On comparing between diabetic patients with non – proliferative diabetic retinopathy and patients with proliferative diabetic retinopathy: They were 19 patients with non–proliferative diabetic retinopathy and 21 patients with proliferative diabetic retinopathy.
There was no statistical significant difference between both groups regarding age (26.6± 3.4 vs. 27.7± 4) years respectively, gender and BMI (25±1.5vs. 25.1±2.2) kg/m² respectively (p-value>0.05).

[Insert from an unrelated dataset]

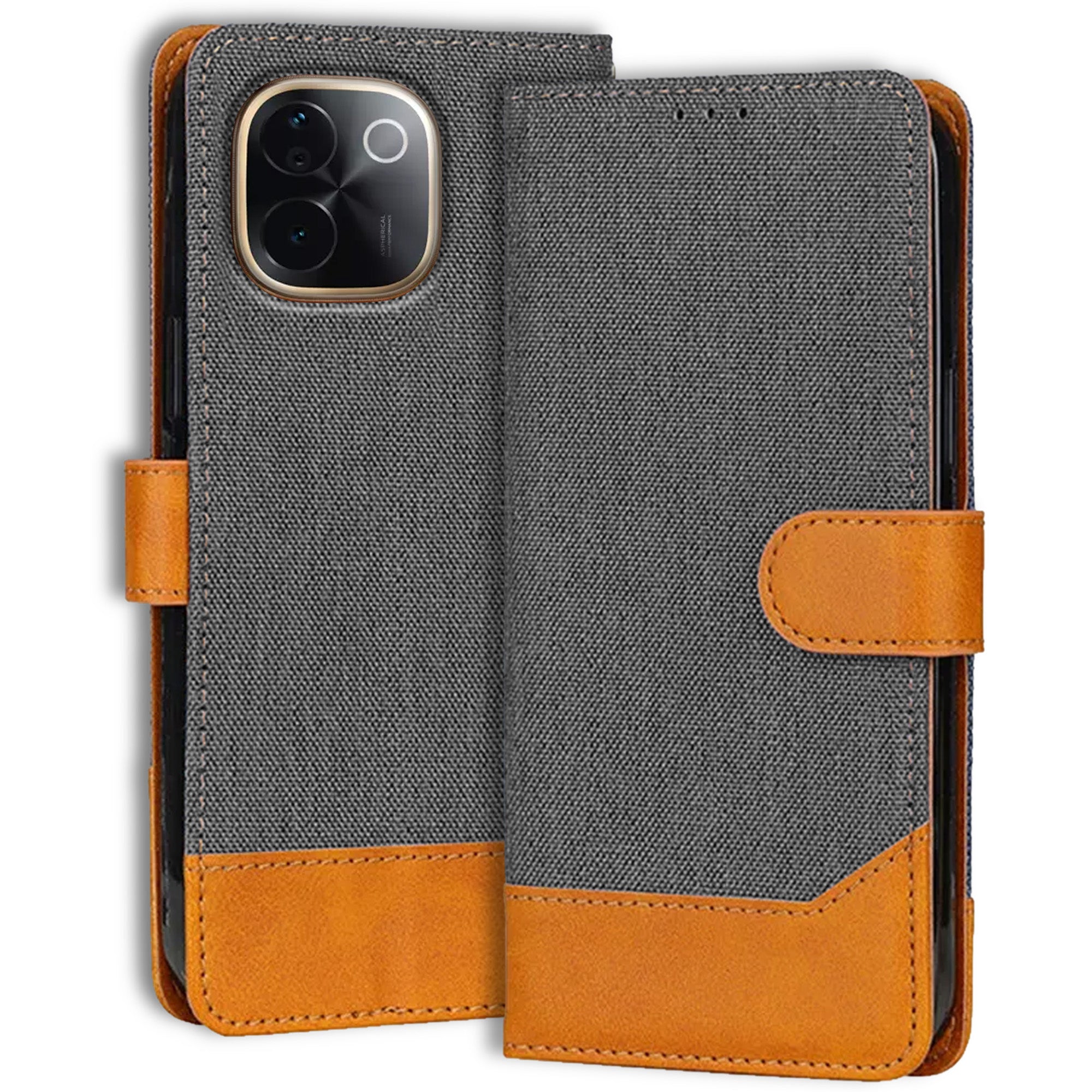 Accesorios Iqoo Z9S Pro denim flip cover – Grey – Image 1 #color_grey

There was a highly significant statistical difference between both groups as regards age of onset of diabetes (13.8+3vs.10.6+4.7) years old respectively, duration of diabetes (12.6+3.9 vs 17.5+6.5) years respectively, systolic blood pressure (121.5 + 7.4 vs.133.2 + 8.5) mm/Hg respectively and diastolic blood pressure (74.7+ 4.5 vs.83+7.1) mm/Hg respectively, fasting plasma glucose (170.3 + 18.6vs.211.7 +36) mg/dl respectively HbA1c (8.2 + 0.2 vs.9 + 0.8) % respectively, T LR2 (90.6+3.9 vs. 95.6 +3)% respectively and TLR4 (81.2+6 vs. 81 + 7.5)% respectively .(p –value <0.01).
We found that 7 patients with non – proliferative diabetic retinopathy had microalbuminuria and 3 patients with non – proliferative diabetic retinopathy had macroalbuminuria, we found that 9 patients had only non – proliferative diabetic retinopathy without albuminuria.10 patients with proliferative diabetic retinopathy had macroalbuminuria.11 patients had only proliferative diabetic retinopathy without albuminuria.

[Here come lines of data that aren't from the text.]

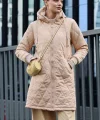51 Kapitone Uzun Şişme Mont  Bej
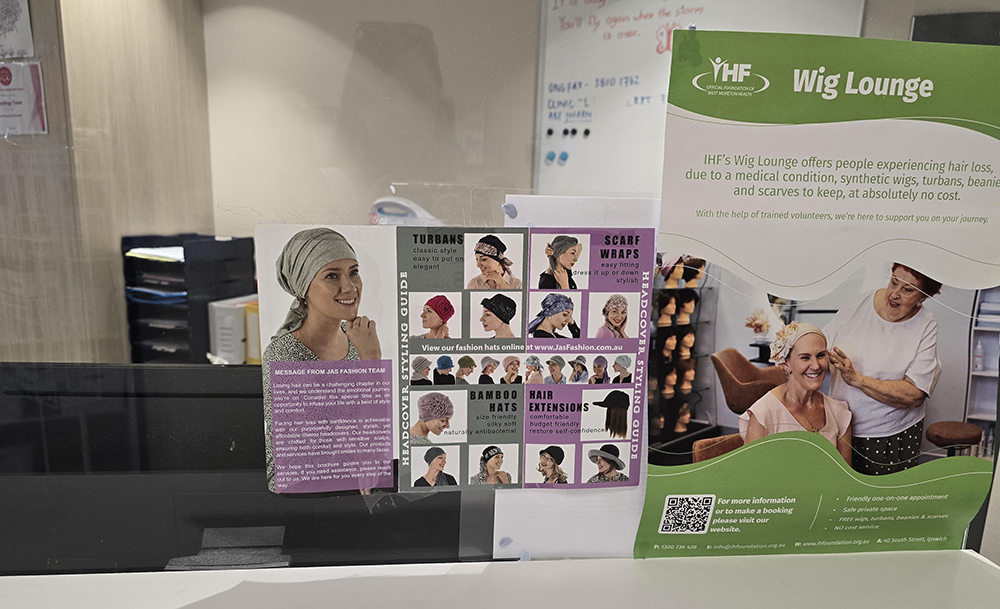 Jas Fashion brochure displayed at the breast cancer clinic, shared by Lyn to support others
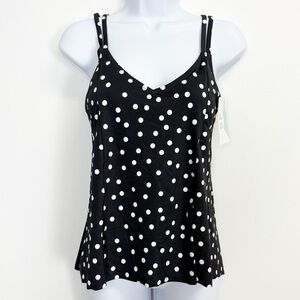 Swim Solutions Tankini Top 8 Black Polka Dot Bust Support D Cup - Princess Seam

There was a high statistical significant positive correlation between TLR2 in all studied groups regarding age of onset of diabetes (r=0.68), and duration of diabetes (r=0.85), systolic blood pressure (r=0.85), diastolic blood pressure (r=0.85). FPG (r=0.84).HbA1c (r=0.88), and albuminuria (r=0.53) (p-value <0.01).
There was a high statistical significant positive correlation between TLR4 in all studied groups regarding age of onset of diabetes (r=0.57) and duration of diabetes (r=0.87), systolic blood pressure (r=0.57), diastolic blood pressure (r=0.27). FBG (r=0.77). HbA1c (r=0.83), and albuminuria (r=0.62) (p-value <0.01).
In conclusion, our results showed that type 1 diabetic patients with micro vascular complications had a significant increase expression of TLR2 and TLR4 on monocytes (vs matched controls). These finding suggest the need for ongoing evaluation of possible protective role of blocking TLR2 and TLR4 in the development of diabetic microvascular complications.